家成俊勝(dot architects)
「NO.00」「ホヅプロ」「Latest NO.00」の三つのプロジェクトについての説明。「NO.00」は阪神淡路大震災で被害を受け更地となった場所に住宅を設計するプロジェクト。設計するにあたって、震災から立ち上がるインフラではなく住民のコミュニティの結び付きを強く感じたという。ここで三人で構成されるdot architectsだからこそできる「超並列」型のスタディを展開する。それぞれの役割を図面・模型・詳細の三つに分け、どの部分からも案を広げていく、つまり順番をフレキシビリティにし、この案はどれが先だったのか分からないというところまで詰めていくプロセスをとる。「ホヅプロ」は製材所の寝床を(四畳半)を学生とワークショップでつくるプロジェクトである。設計者の人数を増やし、より発想を並列させていると言える。「Latest NO.00」は「NO.00」でできた住宅にどんどん増改築をしていくという架空のプロジェクト。手を加える時のルールとして重要なのは、他人が作ったものにどんどん手を加えるということと、自分の作ったものに執着しない事だと言う。これは共同設計による創作をより客観的に進めていく方法論の代表であると同時に、「超並列」型スタディの可能性を示唆していると感じる。

井手健一郎さん(rhythmdesign)
自身を「翻訳者的建築家像」(余条件を読み解く、新しい起伏を見つけ出す)として捉え、「面検索的設計プロセス」(あらゆる可能性をやるだけやる)によって一般の人(クライアント)に分かりやすい形で伝えていく。「武雄の週末住宅」ではまず施主からバンガロー的な住宅であること、週末住宅として利用し、開放的なものであること、とにかくお風呂が大好きであることなどの条件を要求される。施主に分かりやすいように「トップライトをつける」「キッチンとお風呂が近い」など分かりやすいタグを付けてスタディ(模型)を重ね、決して「〜空間」のような曖昧な言い方はせず、事実を事実としてはっきりと記述していく。そうすることで施主をプロセスに介入していく。井出さんは自分の思考に興味はないという。そしてそのスタイルを正に具現化したプロセスが「面検索的設計プロセス」(施主が納得するまであらゆる可能性を示す)ではないかと思う。

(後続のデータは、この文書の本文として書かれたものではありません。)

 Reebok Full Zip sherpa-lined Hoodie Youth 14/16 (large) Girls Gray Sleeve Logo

ここで議論がスタートする。さて今回の議論としてはローカリティがどうプロセスと結びついていくのかであり、藤村さんはここでいうローカリティは単純な地域性ということではなく、政治的な意思決定プロセスを含んだ地域性ではないかと述べる。それはつまり巨大な公共建築をつくる時、どう合意形成を図っていくのか。井出さんの「武雄の週末住宅」ですら半年かけて意思疎通をした。それでは物理的制約もある建築がこれからどのようなプロセスで合意形成できるのか。と言った事がメインテーマである。

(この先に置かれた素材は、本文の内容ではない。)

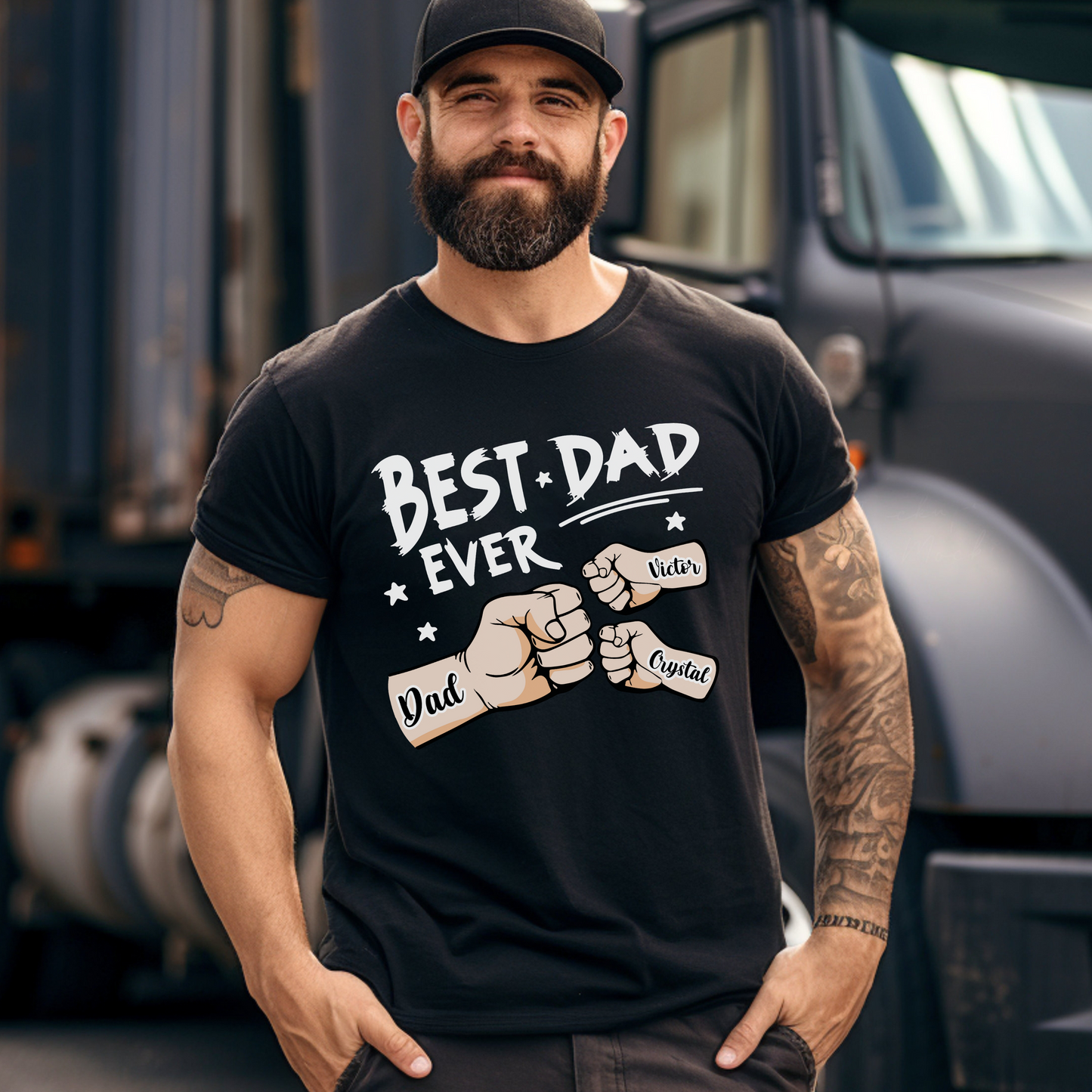 Dad and Kid Fist Bump - Personalized Father's Day Gift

まず社会学者である鈴木さんからWebの設計では保守・運用、作った後どう作動していくかが重要であるという事が述べられ、それに対して濱野さんが建築にはどこかで切断しなければない物理的制約を受けるとその違いを示す。(切断について詳しくは思想地図vol3)その制約を受けるならばどこかで建築家は完成形を示す必要がある事自体が、合意形成をする上で非常に難しい問題として見えてくる。(すべての人が納得するのは無理であり、納得する必要は本当にあるのか)

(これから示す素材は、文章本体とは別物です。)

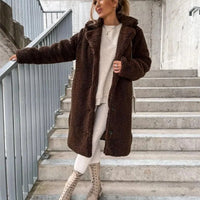 Jana | Lässige Damen-Teddyjacke trendy warm – Dunkelbraun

そこで古谷さんの鶴の一声があった。(私は非常に感銘を受けた)一般的に建築はつくったもの(ハードウェア)とその後の利用(ソフトウェアの一部)によって終わってしまっていた。しかし建築は本来もっと柔軟なものであり、作り出した後も将来的に変更可能、建築はいつも工事中であるという事。つまり建築家はつくることが目的ではなく、いかにして使わせるかが目的、そうしてできたものは使う者によって変容していく事が可能であり、建築家はその枠組みをつくるのべきだと述べる。事後的な変容を認めるならばそれは正にWeb的プロセスとして建築を捉えていくことを可能にしている。分かりやすくいえば無制限の合意形成プロセスだと言える。
そしてここにローカリティの新しい捉え方が存在している。家成さんはローカリティをネットワークだと解釈し、ステークホルダーをそのまま持ち込むのではなく、ある原形(建築)を持ち込むことでそこに新たなステークホルダーを生み出すことができるのではないかと言う。とここまで言うと藤村さんの言う事後的なローカリティがここに発生しそうな予感は十分期待できる。今まで最大公約数的に設計され、場所なき場所を形成してきた郊外や地方の公共建築(ロードサイドショップ等)に対して一つの建築家の新しい立場が提示されたように思った。

さて私が今回の議論で注目したいのはやはり井出さんのプロセスの共有化であった。五十嵐さんが最後に、プロセスは事後的に表せばいいと述べていたが……(藤村さんはこれを字義通り受け止めるなと注意。五十嵐さんはプロセスを非常によく考えられている。しかしこれは時間の関係で最後まで議論されなかった。空間性を語るだけではクライアントに十分伝わらないと述べる藤村さんに対して、五十嵐さんの気持ちいいとか、居心地がよいとかいうのは、好みを超えたプリミティブな問題であり、それは伝わるとするスタンスの違いも面白いと思ったのだが非常に残念)私は少なくともプロセスそれ自体の価値ではなく、プロセスの共有化の意味は確立しているのではないかと思う。井出さんの「翻訳者的建築家像」に準えれば、プロセスを分かりやすく翻訳することで施主と対話する。施主が見えていない先を建築家が見せる。そしてまた施主から建築家に対して新しい提案がされる。ここにプロセスの本質が垣間見える。第一夜でプロセスにどのツールを使うかの議論は不毛だという所以もまたここに存在する。そして先述した古谷的建築解釈によってプロセスは建築へと昇華し、終わることのない地域との対話が続いていくことだろう。